HOW TO COMPLETE THIS TASK: Word for word, restate every record, though not the pictures.

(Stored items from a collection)
......

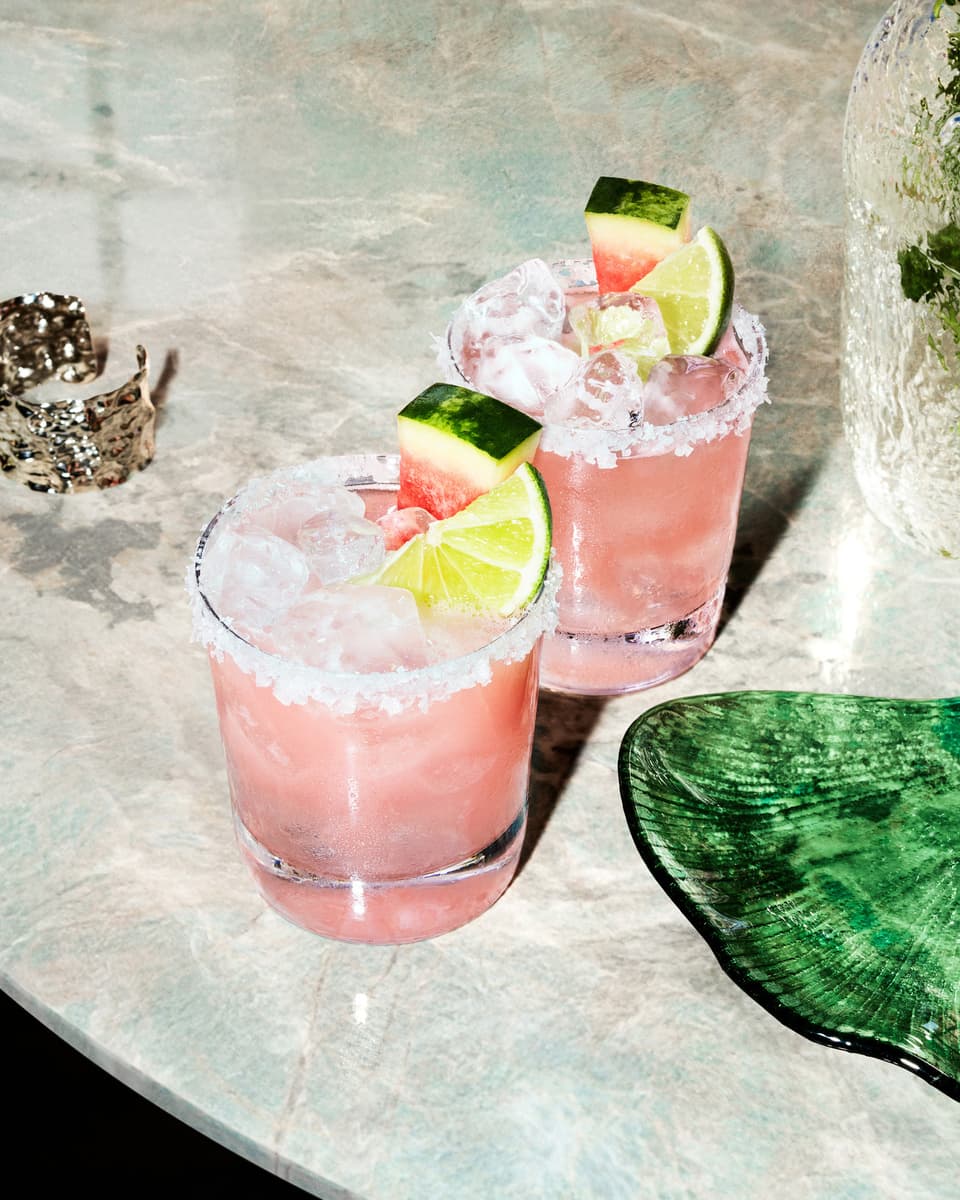 Absolut Vodka - Image 5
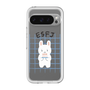 Slim Protection Premium Case［ オリジナル - ESFJ 領事 - キャラクター ］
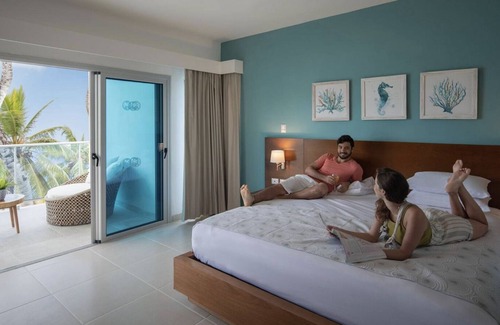 ProCab Complejo | CABARETE, DR Lifestyle Imperial Suites (2Bd 6) Non All Inclusive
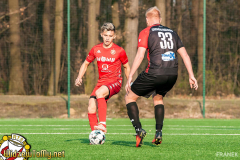 ZFF_5461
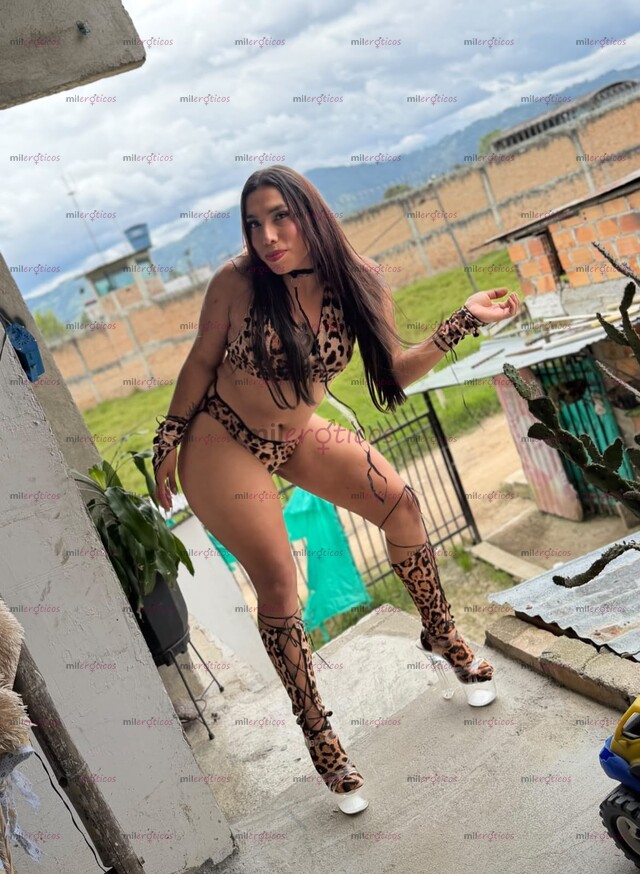 FOTOS DE SI BUSCA ALGO RICO DELICIOSO SALIR DE LA RUTINA VEN DIFRUTADE TODO ESTO RICO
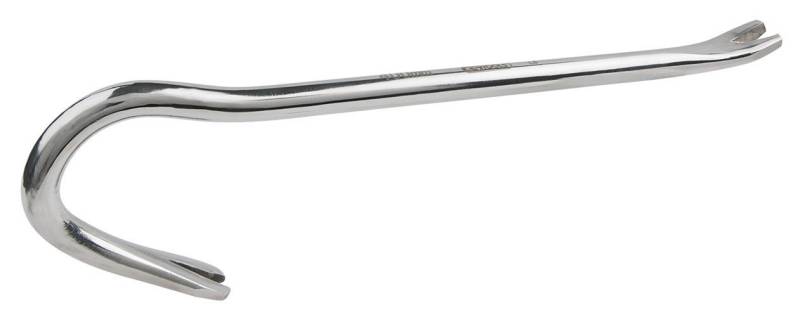 KS Tools Nageleisen KS Tools 964.3302 EDELSTAHL Nageleisen, 600mm von KS Tools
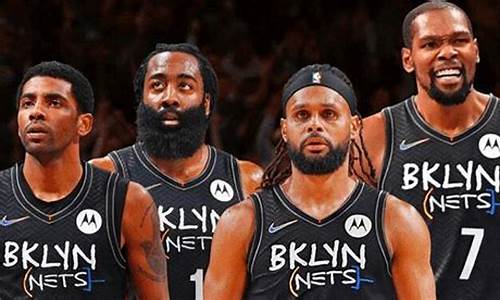 nba新赛季阵容名单_nba新赛季球员名单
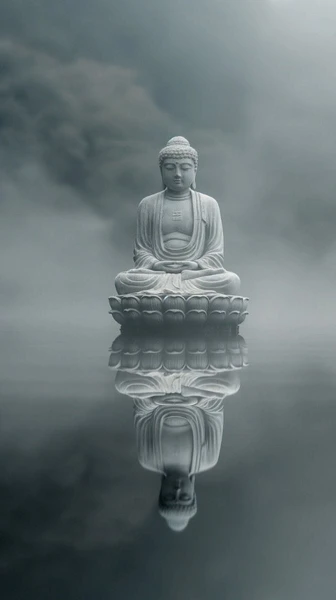 Mind fulness, per capire la propria mente e vivere nel presente, in ogni attimo e azione che si esegue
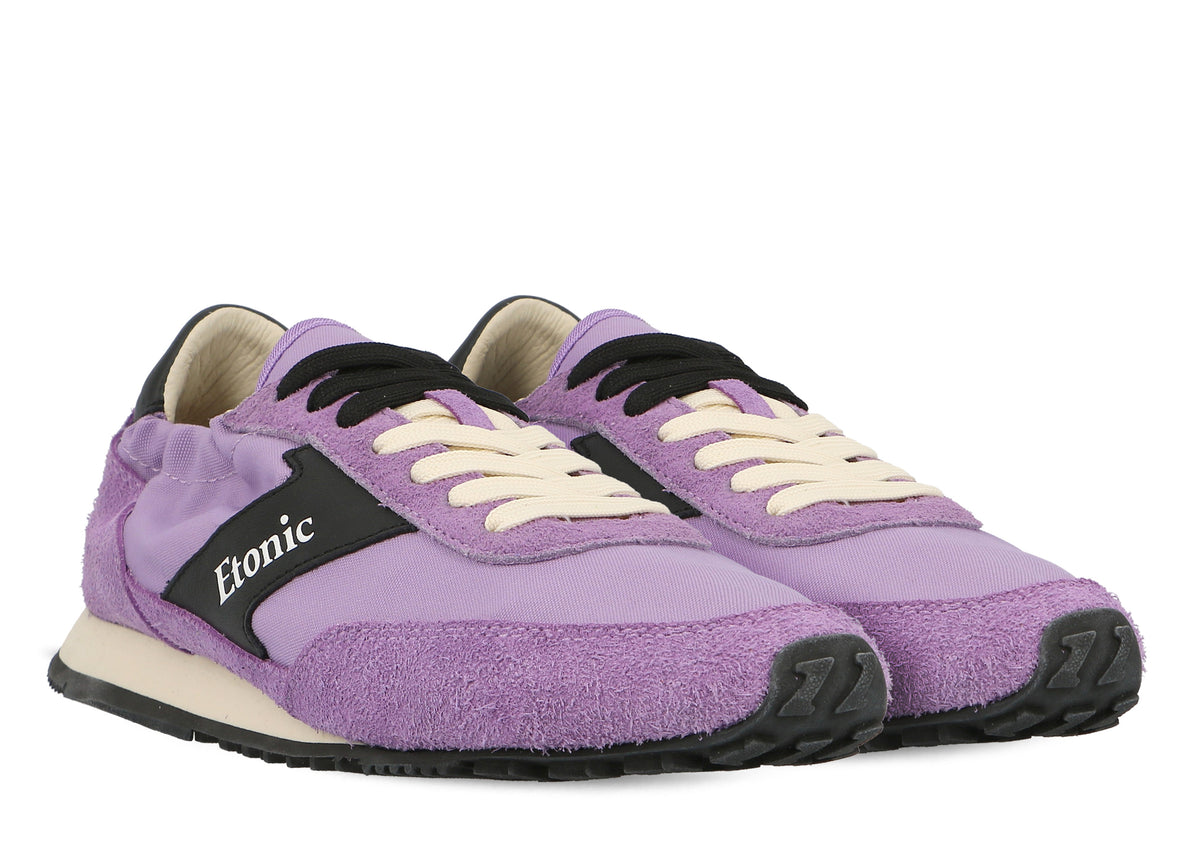 Etonic Trans Am 2.0 Ny Purple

......

RESULT OF THIS EXERCISE:
 Absolut Vodka - Image 5
 Slim Protection Premium Case［ オリジナル - ESFJ 領事 - キャラクター ］
 ProCab Complejo | CABARETE, DR Lifestyle Imperial Suites (2Bd 6) Non All Inclusive
 ZFF_5461
 FOTOS DE SI BUSCA ALGO RICO DELICIOSO SALIR DE LA RUTINA VEN DIFRUTADE TODO ESTO RICO
 KS Tools Nageleisen KS Tools 964.3302 EDELSTAHL Nageleisen, 600mm von KS Tools
 nba新赛季阵容名单_nba新赛季球员名单
 Mind fulness, per capire la propria mente e vivere nel presente, in ogni attimo e azione che si esegue
 Etonic Trans Am 2.0 Ny Purple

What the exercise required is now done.